Crayola’s Dominance Of The Art Supply Market

An underrated parenting technique is to have your child make a self-deprecating joke in response to light teasing. Nothing triggers the impulse to make fun of someone quite like discovering that the person is unable to take a joke. The hope is that, when the child is grown, he will become someone capable of taking his work seriously, but not necessarily himself seriously.

What happens if self serious carries the day over self deprecation? You get Anish Kapoor, the British artist and sculptor who is best known for creating the Bean sculpture in Chicago’s Millennium Park. Kapoor doesn’t like it when you call it the Bean, instead preferring you that you use the appointed name Cloud Gate (though, after seeing the unpopularity of this position, reversed his position and said, “I call it the Bean, too”).

Less well known is that Kapoor entered an exclusive licensing agreement with Surrey NanoSystems Limited to use a carbon-based substance in his art called VantaBlack, which is the darkest artificial substance.

The exclusive nature of this agreement angered many in the art community as restrictive licensing goes against the collaborative spirit and culture of the industry norms.
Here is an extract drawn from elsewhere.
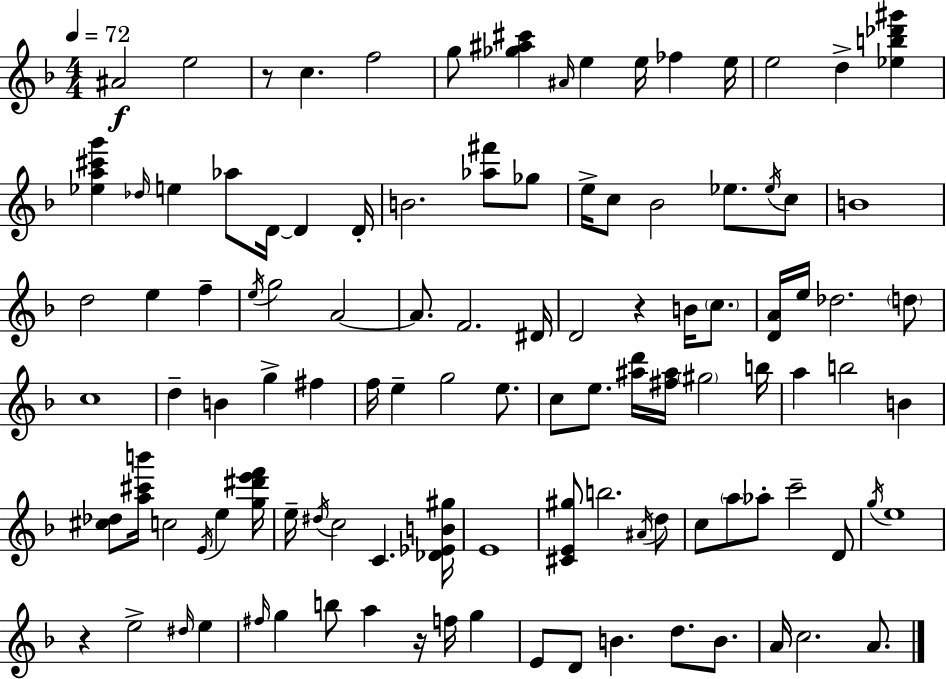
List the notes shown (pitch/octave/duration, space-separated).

A#4/h E5/h R/e C5/q. F5/h G5/e [Gb5,A#5,C#6]/q A#4/s E5/q E5/s FES5/q E5/s E5/h D5/q [Eb5,B5,Db6,G#6]/q [Eb5,A5,C#6,G6]/q Db5/s E5/q Ab5/e D4/s D4/q D4/s B4/h. [Ab5,F#6]/e Gb5/e E5/s C5/e Bb4/h Eb5/e. Eb5/s C5/e B4/w D5/h E5/q F5/q E5/s G5/h A4/h A4/e. F4/h. D#4/s D4/h R/q B4/s C5/e. [D4,A4]/s E5/s Db5/h. D5/e C5/w D5/q B4/q G5/q F#5/q F5/s E5/q G5/h E5/e. C5/e E5/e. [A#5,D6]/s [F#5,A#5]/s G#5/h B5/s A5/q B5/h B4/q [C#5,Db5]/e [A5,C#6,B6]/s C5/h E4/s E5/q [G5,D#6,E6,F6]/s E5/s D#5/s C5/h C4/q. [Db4,Eb4,B4,G#5]/s E4/w [C#4,E4,G#5]/e B5/h. A#4/s D5/e C5/e A5/e Ab5/e C6/h D4/e G5/s E5/w R/q E5/h D#5/s E5/q F#5/s G5/q B5/e A5/q R/s F5/s G5/q E4/e D4/e B4/q. D5/e. B4/e. A4/s C5/h. A4/e.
Stuart Sample, a sculptor who was offended by Kapoor’s decision to restrict other artists’ use of VantaBlack, created his own paint powder called the Pinkest Pink, which is available for sale to everyone in the world except Anish Kapoor. The Purchase Agreement requires you to affirm that you won’t share the pink paint with him.

Henry Kissinger once remarked that “Academic politics are so vicious precisely because the stakes are so small.” Perhaps that is true for artistic squabbles as well.

Desiring to dig further, I wanted to figure: Who is getting rich off of all of this?

I had never seen any articles in Barron’s, the Wall Street Journal, or Seeking Alpha that discussed investing in art supply manufacturers. I was curious as to whether there was an unturned rock in this corner of the market.

I found that, in the United States, the art supply market is largely impenetrable. About a third of it consists of private players like Surrey NanoSystems that manufacture highly niche supplies, and the other two thirds of it has been consolidated through the former Smith & Binney Co., which is now known as Crayola LLC and part of the Hallmark Cards, Inc. portfolio owned by Kansas City billionaire Don Hall Sr.

The rise of the family office and the consolidation of great businesses in private hands does have an impact on the investor returns of the average Joe. If you invest in an index like the S&P 500, you are limited to companies that are publicly traded. Between 1932 and Hallmark’s acquisition in 1984, Smith & Binney compounded at a rate of 21.5% annually. If it were not taken private, it would have been part of the S&P 500 Index. Parsing together top-line estimates that are accessible, it appears that Smith & Binney has compounded between 11-13% since becoming part of the Hallmart umbrella. During this time, the S&P 500 delivered 8.9% annual returns. If Crayola were part of the S&P 500, all of these Vanguard, Fidelity, and Schwab index investors would have reaped higher returns. Even investing in something as basic has managed to create fortunes, but alas, the art supply market is largely inaccessible to the typical American investor.

 

Originally posted 2018-10-15 01:20:44.